Düşünsenize bu sene yaz tatili 14 Haziran-9 Eylül 2024 arası, tam 84 gün yani 84×24 saat= 2016 saat. Çocuklarımız yaz döneminde tabi ki dinlenecekler, oyunlar oynayacaklar, aileleriyle gezerek vakit geçirecekler. Bunlara bir itirazım yok. Ancak bir gün 24 saat, 24 saatin tamamı da oyun oynayarak ya da yatarak geçirilmemeli. (Düzgün bir planlama ile günde sadece 3 saat okuma ve eksikleri gidermeye zaman ayırılsa 84×3 saat= 252 saat eder bu da 10.5 güne karşılık gelir.)

Sevgili Sporcular ve Öğrencilerimiz,

İdarecilik yıllarımda öğrencilerimiz ve velilerimizle yaşamış olduğum bu manzara sanırım bir tek akademik durumu kapsamıyor. Ne yazık ki ülkemizde ki genel durumu da yansıtması açısından önemli bir tespit diyebilirim.

8 Haziran 2024 günü gerçekleşen ve isteyen tüm sporcu, velilerin katılabileceği, Doç. Dr. Diyetisyen Duygu Sağlam, Kondisyoner Emre Gökmen ve Klinik Psikolog Elmas Alver’in değerli sunumlarıyla “Sporcular Yaz Dönemini Nasıl Geçirmeli” konulu önemli çalışma için Spor Kulübü yetkililerine teşekkür etmek isterim.

Büyük bir teşekkürü de sunumu her detayı göz önünde bulundurarak, titizlikle hazırlanmış olan çok kıymetli hocalarımız, Doç. Dr. Diyetisyen Duygu Sağlam, Kondisyoner Emre Gökmen ve Klinik Psikolog Elmas Alver’e yapmak isterim.

Bahçeşehir Koleji Spor Kulübünün yapmış olduğu “Sporcular Yaz Dönemini Nasıl Geçirmeli” çalışmasına açıkçası kaç basketbolcumuzun, anne-babanın ve antrenörünün katıldığını merak ettim.

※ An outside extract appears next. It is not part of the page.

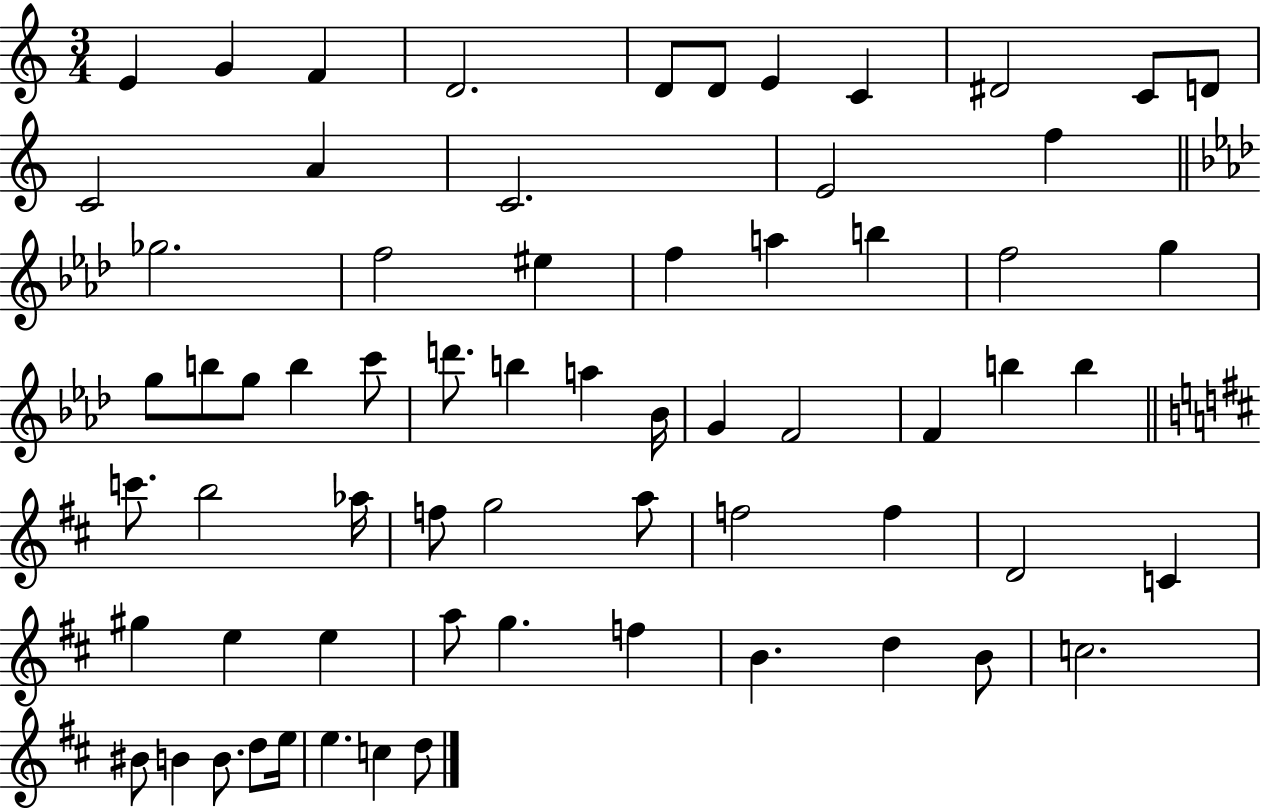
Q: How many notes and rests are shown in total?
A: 66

Bahçeşehir Spor Kulübü Genel Sekreteri sevgili Alpaslan Aydın ve Altyapı Kurumsal İletişim Sorumlusu Beyza Es ile temasa geçip rakamı sorduğumda hem üzüldüğümü hem de şaşırdığımı belirtmek isterim.

İlk yapılan Zoom üzeri etkinliğe sadece 70, bir gün sonraki YouTube üzeri çalışmaya ise 120’ye yakın katılımcı izlemiş. Rakam olarak maalesef 200’ü bile bulamamışlar.

Bahçeşehir Koleji Spor Kulübü Altyapı Kurumsal İletişim Sorumlusu Beyza Es ile görüşmemiz esnasında katılımın çok düşük olduğunu söylemem üzerine, kendi altyapılarında aktif 500 sporcu olduğunu ve sene içerisinde sporcu ve ailelerinin bu ve buna benzer konularda düzenli olarak bilgilendirildiğini ifade etti.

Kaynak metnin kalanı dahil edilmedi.